(Captioned web images)
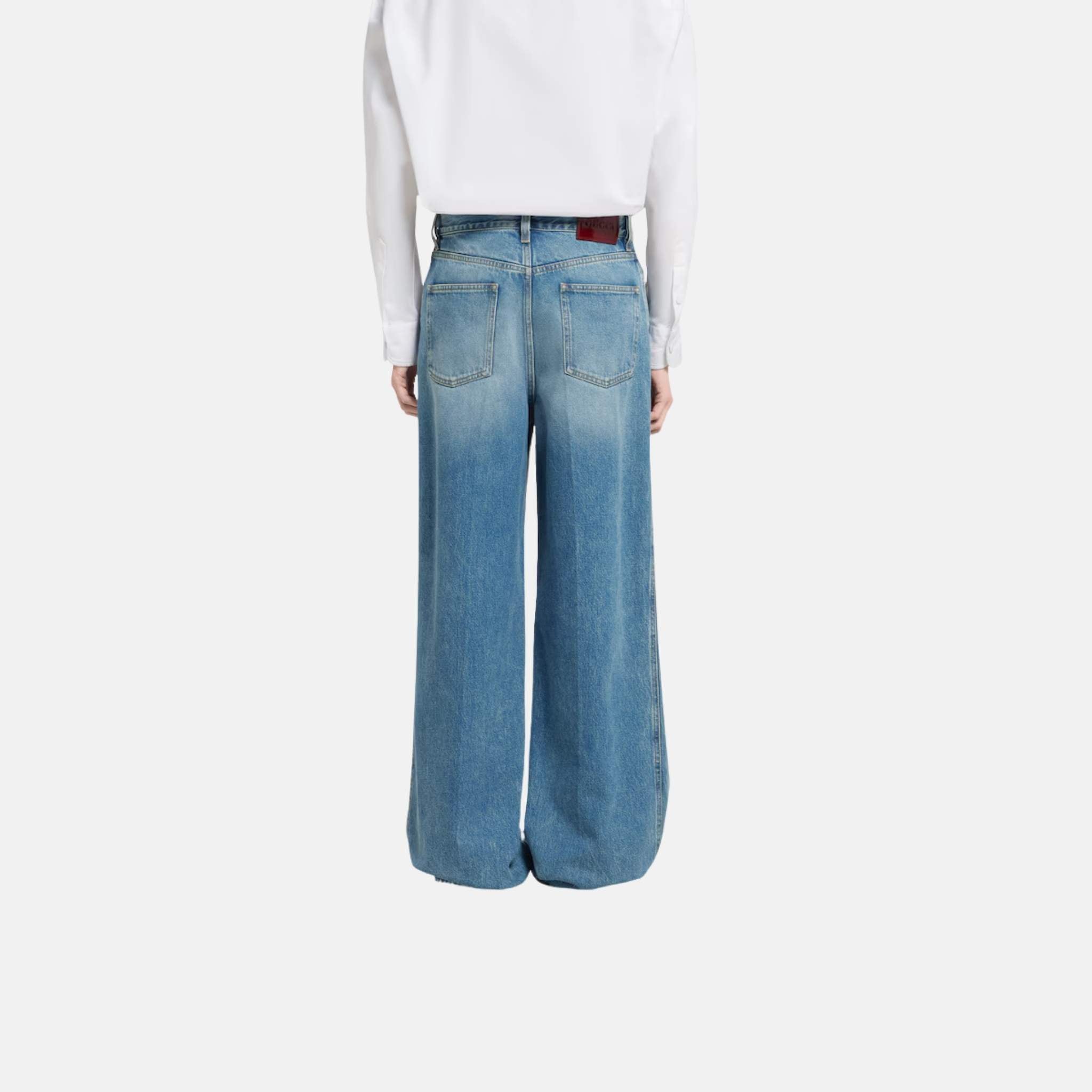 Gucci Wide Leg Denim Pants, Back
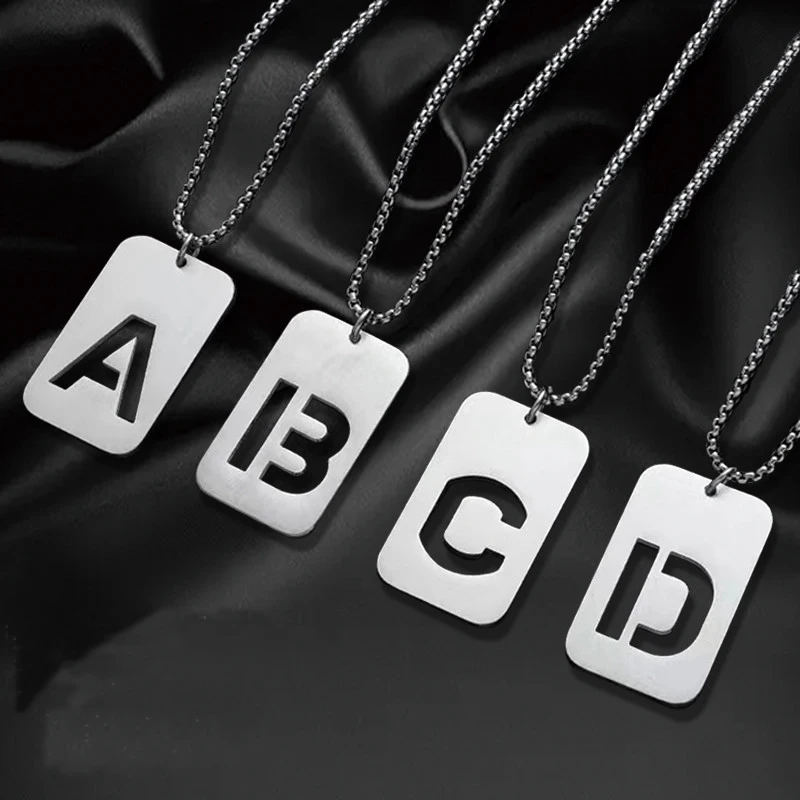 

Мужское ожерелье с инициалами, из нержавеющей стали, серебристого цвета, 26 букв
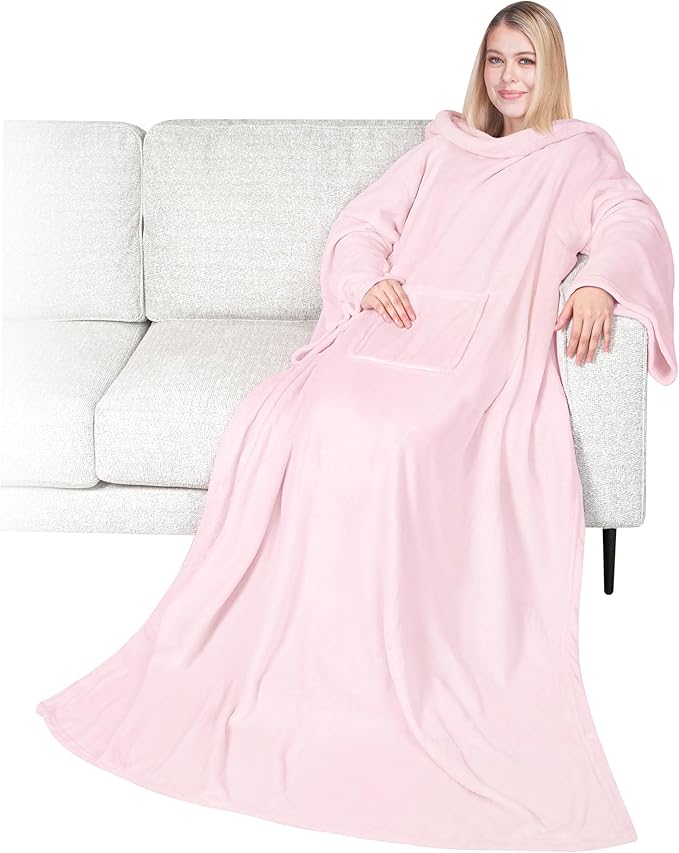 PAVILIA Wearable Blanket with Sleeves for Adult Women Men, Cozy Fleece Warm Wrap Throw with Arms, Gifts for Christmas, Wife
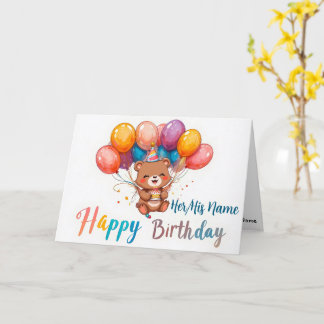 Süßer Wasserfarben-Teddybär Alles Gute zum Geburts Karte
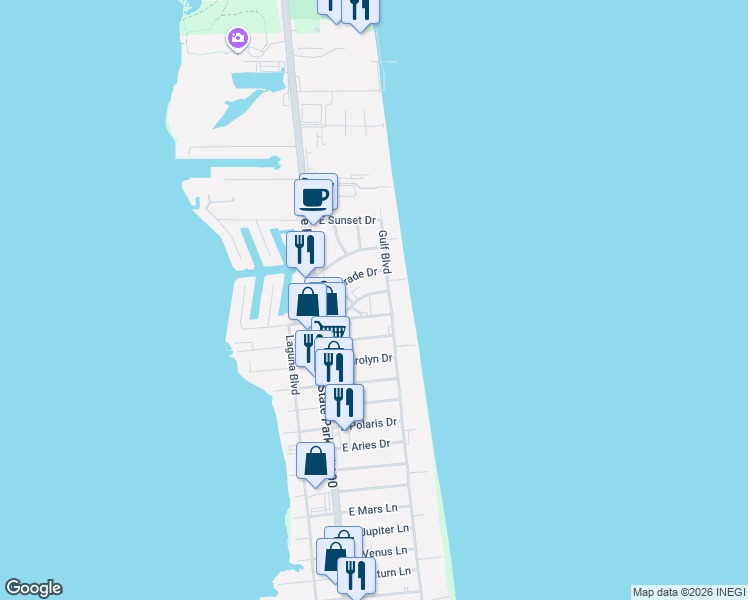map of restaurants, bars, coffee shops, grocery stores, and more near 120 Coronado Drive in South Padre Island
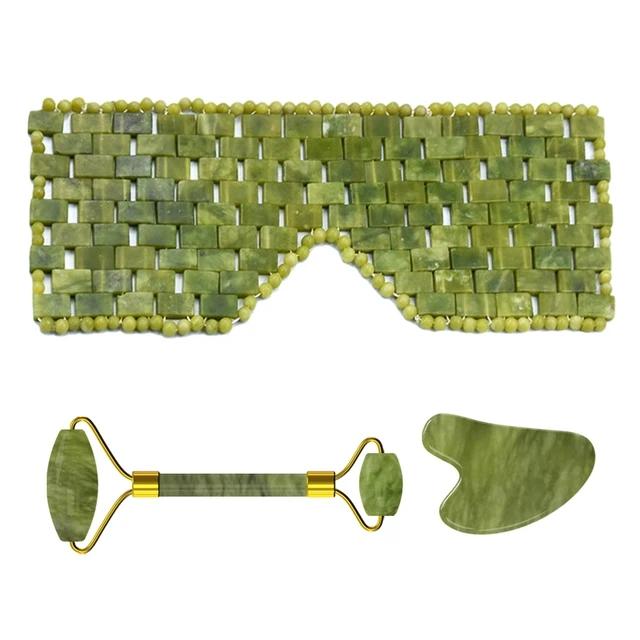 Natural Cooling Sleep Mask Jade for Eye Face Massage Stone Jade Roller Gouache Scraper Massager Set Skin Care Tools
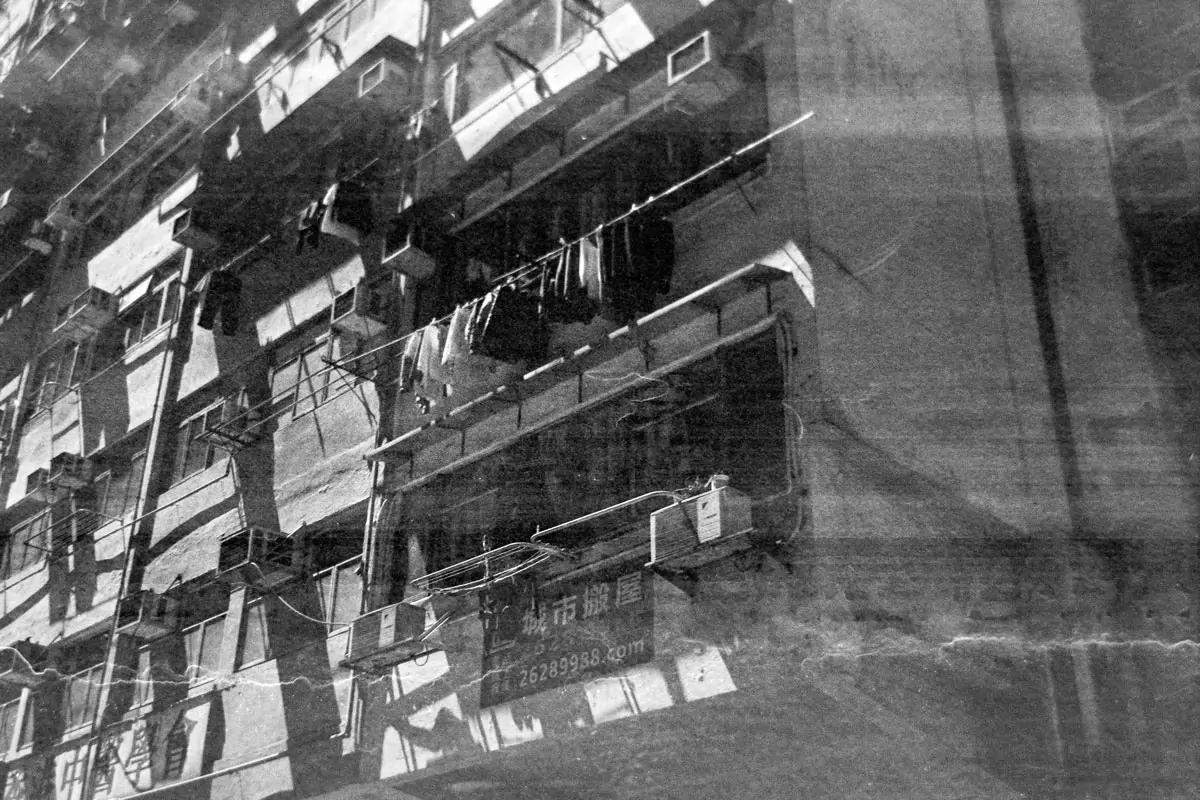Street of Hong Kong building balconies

**Instructions for the task:**
Set the lines above down again, word for word, from the first through the one containing "Süßer Wasserfarben-Teddybär Alles"; pictures excluded.

**Result of this exercise:**
 Gucci Wide Leg Denim Pants, Back

Мужское ожерелье с инициалами, из нержавеющей стали, серебристого цвета, 26 букв
 PAVILIA Wearable Blanket with Sleeves for Adult Women Men, Cozy Fleece Warm Wrap Throw with Arms, Gifts for Christmas, Wife
 Süßer Wasserfarben-Teddybär Alles Gute zum Geburts Karte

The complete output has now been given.